The most common method used to measure inequality is known as the Gini coefficient.¹ This is a mathematical measure which looks at income distribution over a whole society, not just between different pre-defined groups. By lining up the whole population from poorest to richest and calculating the percentage of income each person has, this measure can show how far a society is from a perfectly equal one.
The problem with the Gini coefficient is that while it gives you a number to indicate how much inequality there is (0 = complete equality, 100 = very very unequal!), it won’t say anything about the nature of the inequality in a particular society. For example, relative inequality could stay the same, or even decrease, even when absolute poverty increased, so the Gini-coefficient would give the impression that things were getting more equal even though they weren't.

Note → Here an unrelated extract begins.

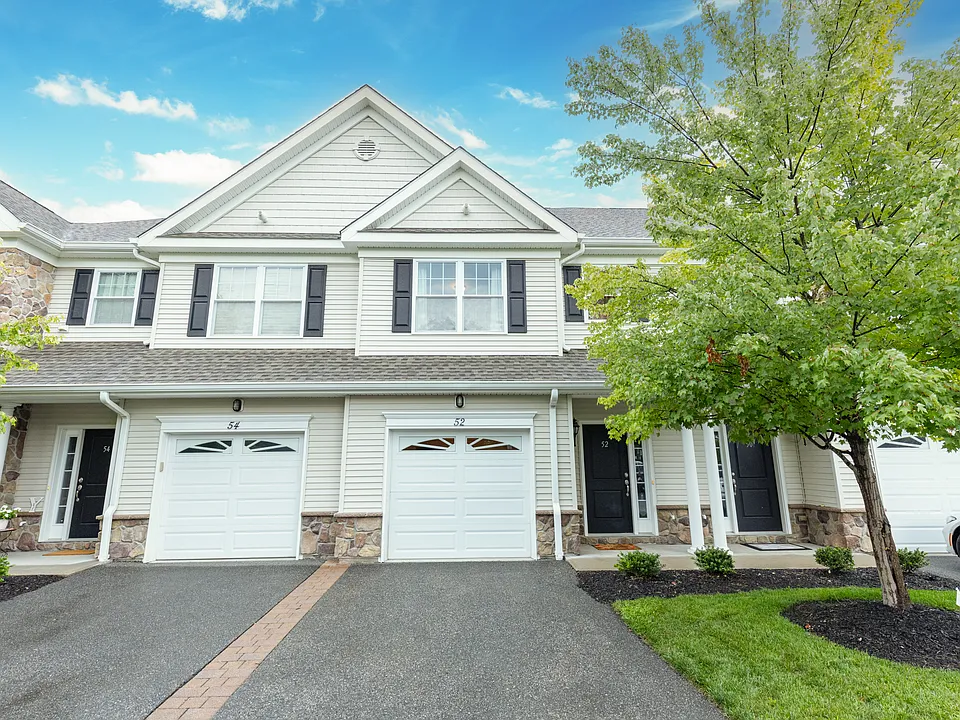 52 Parkside Dr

Another approach is to simply split the population into groups, look the ‘share of the pie’ — in other words, the proportion of the total wealth — held by each group, and compare across groups. Often people compare the very wealthy 1% and the remaining 99% (the rest of the population). In the US, this 1% group have 40% of the whole nation’s wealth.² On a global scale, 1% of the world's population hold over half of the world’s wealth — that means they have more than the remaining 99% of people in the world altogether.³
The problem with this measure is that it doesn’t take into account what kind of wealth people have, and how much opportunity they have available to them even without financial wealth. So for example, a university student in $100,000 of debt but with a well-respected degree and high-earning job would be seen as poorer than someone with no debt but barely making their monthly bills. This doesn’t mean inequality isn’t a huge issue - it just means that our measures of it don’t always accurately reflect the nuances of each individual situation.